DATA SECTION
* * * * *
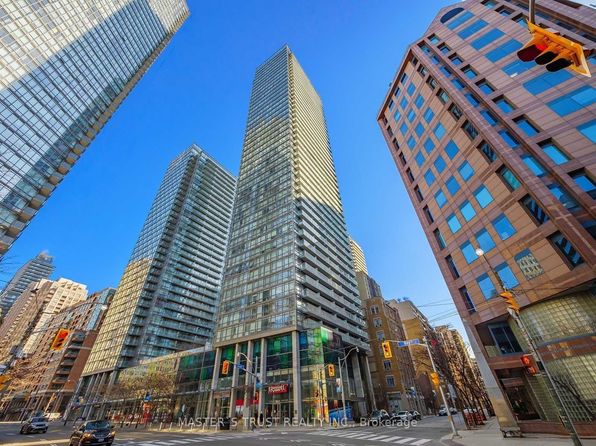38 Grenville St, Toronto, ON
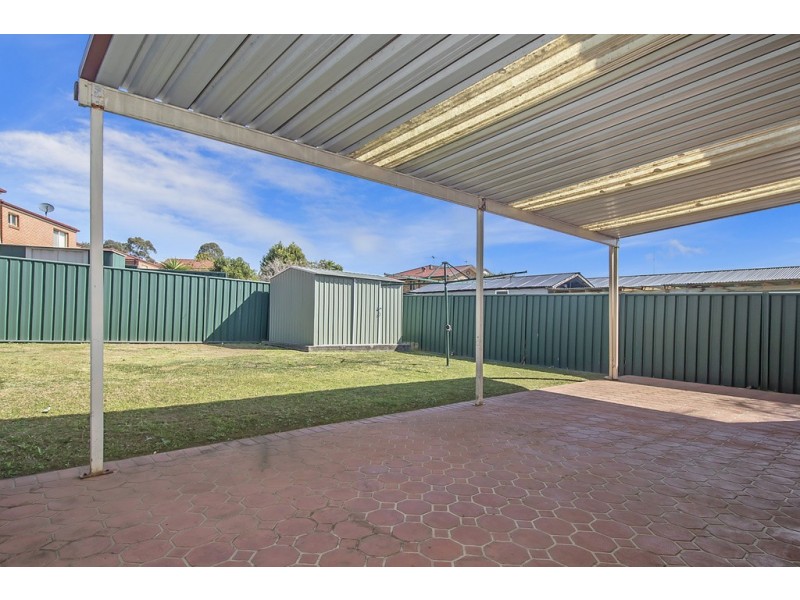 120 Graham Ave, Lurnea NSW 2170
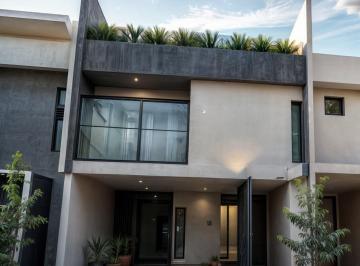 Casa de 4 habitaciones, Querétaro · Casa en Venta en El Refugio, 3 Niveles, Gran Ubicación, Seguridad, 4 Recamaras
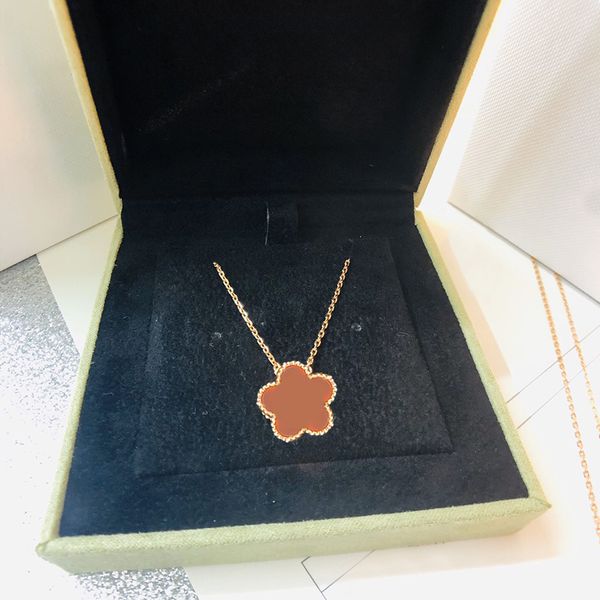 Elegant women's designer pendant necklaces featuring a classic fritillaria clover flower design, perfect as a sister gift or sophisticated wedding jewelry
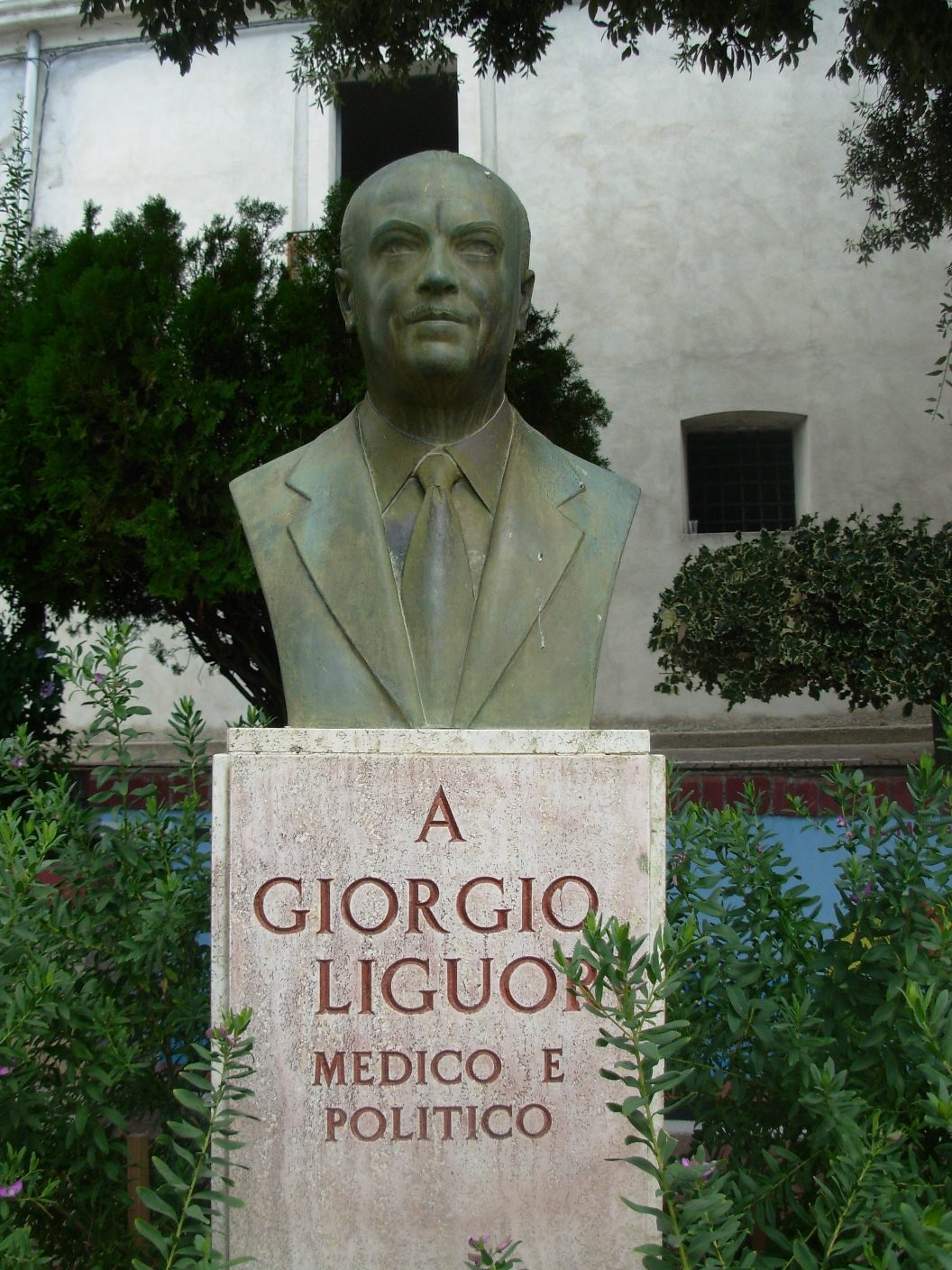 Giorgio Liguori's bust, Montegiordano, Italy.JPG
* * * * *
Could you reproduce all of the data above exactly and skip any image?

EXERCISE OUTPUT
38 Grenville St, Toronto, ON
 120 Graham Ave, Lurnea NSW 2170
 Casa de 4 habitaciones, Querétaro · Casa en Venta en El Refugio, 3 Niveles, Gran Ubicación, Seguridad, 4 Recamaras
 Elegant women's designer pendant necklaces featuring a classic fritillaria clover flower design, perfect as a sister gift or sophisticated wedding jewelry
 Giorgio Liguori's bust, Montegiordano, Italy.JPG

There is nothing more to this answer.